La seconda stazione è la meno felice, (forse quella che interessa meno il regista) e l’aspetto didascalico dilaga nei vuoti chiacchiericci di accademie e salotti artistico mondani con il poeta già ammorbato dall’accentuarsi della deformità e il suo interprete già avviato sulla strada straripante del virtuosismo. Gli spettatori sono costretti a sorbirsi stranoti aneddoti scolastici, presentazioni a raffica di insigni personaggi dell’intellighenzia del tempo costretti in due parole (Vieusseux, Tommaseo, Niccolini, forse c’è pure Gino Capponi) e l’inevitabile avvio della relazione amicale con Antonio Ranieri, i  brividi rivoluzionari, la storia della fascinazione per Fanny (Targioni Tozzetti, opportunamente sedotta dal bel Ranieri). I pur eccellenti attori implicati sono costretti in qualche battuta di cortesia, mentre Michele Riondino inaugura con quel sorriso, che accompagnerà stucchevolmente anche la terza ben più drammatica tappa del percorso, quella finale a Napoli.

 


Una scena del film


In questa terza parte l’interesse sonnecchiante del regista si risveglia e la grande esperienza dei luoghi e della cultura a lui così familiari lo rende più ardito non tanto nell’indicazione dei passi canonici (coppe di gelato ad ogni ora, incattivirsi del carattere, sporcizie e debolezze varie) quanto nella creazione smisurata di una discesa agli inferi finalmente lontana dall’agiografia e potentemente visionaria.

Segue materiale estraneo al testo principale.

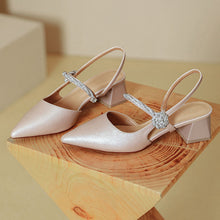 Load image into Gallery viewer, The PearlMoon Effect Slingback Pump
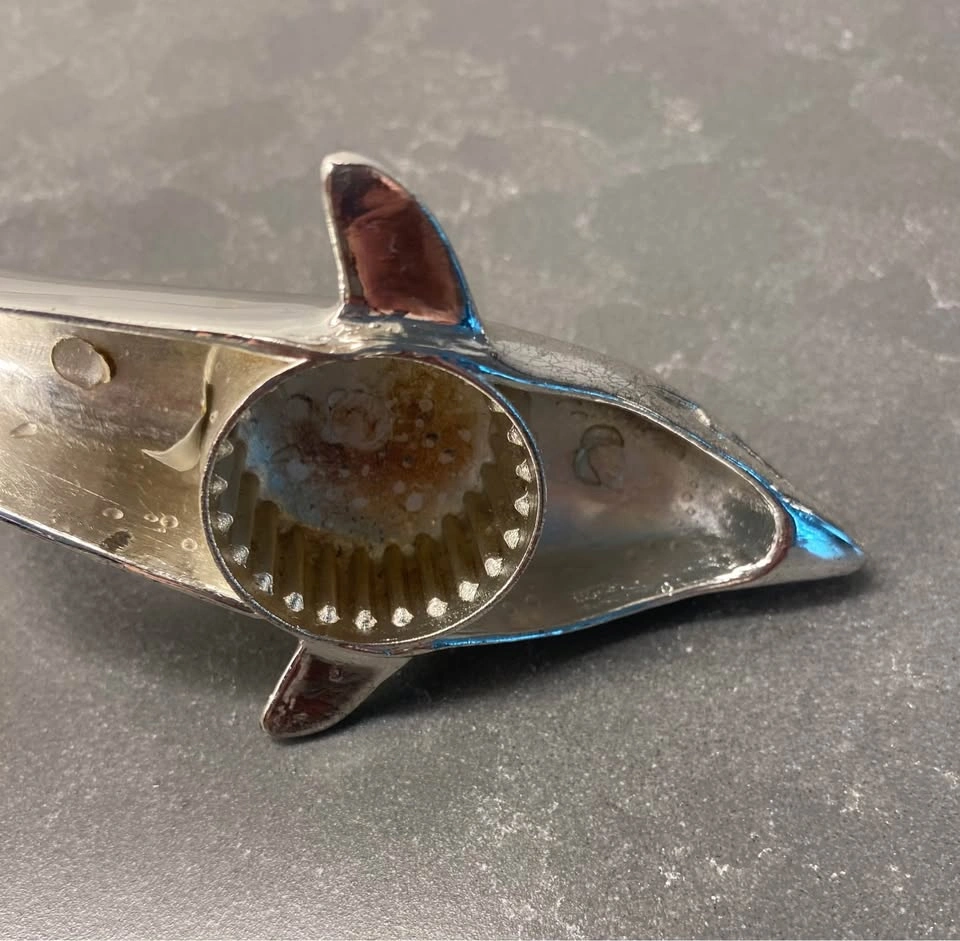Chrome Dolphin Bottle Opener and Nutcracker - photo 5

In essa gli intoppi dell’anima  sono avviluppati da una sorta di eccesso deformante in cui l’iniziazione sessuale e l’ingaglioffamento nel ventre della città assumono il valore di una creazione autonoma. Anche il vagabonaggio nella città ormai preda del colera (verosimilmente l’autentica causa di morte del poeta) e l’esplosione finale del Vesuvio con la sua forza e la sua lava pietrificata rendono emozionante la speranza che rinasce nell’ultima estrema lettura de la Ginestra.

 

Elio Germano pare entusiasmare pubblico e critica. Personalmente il nostro apprezzamento è stato inversamente proporzionale al suo procedere. Il suo virtuosismo ci ha piano piano infastidito, allontanandoci dall’essenza più coinvolgente e sottile della ricreazione dell’autore.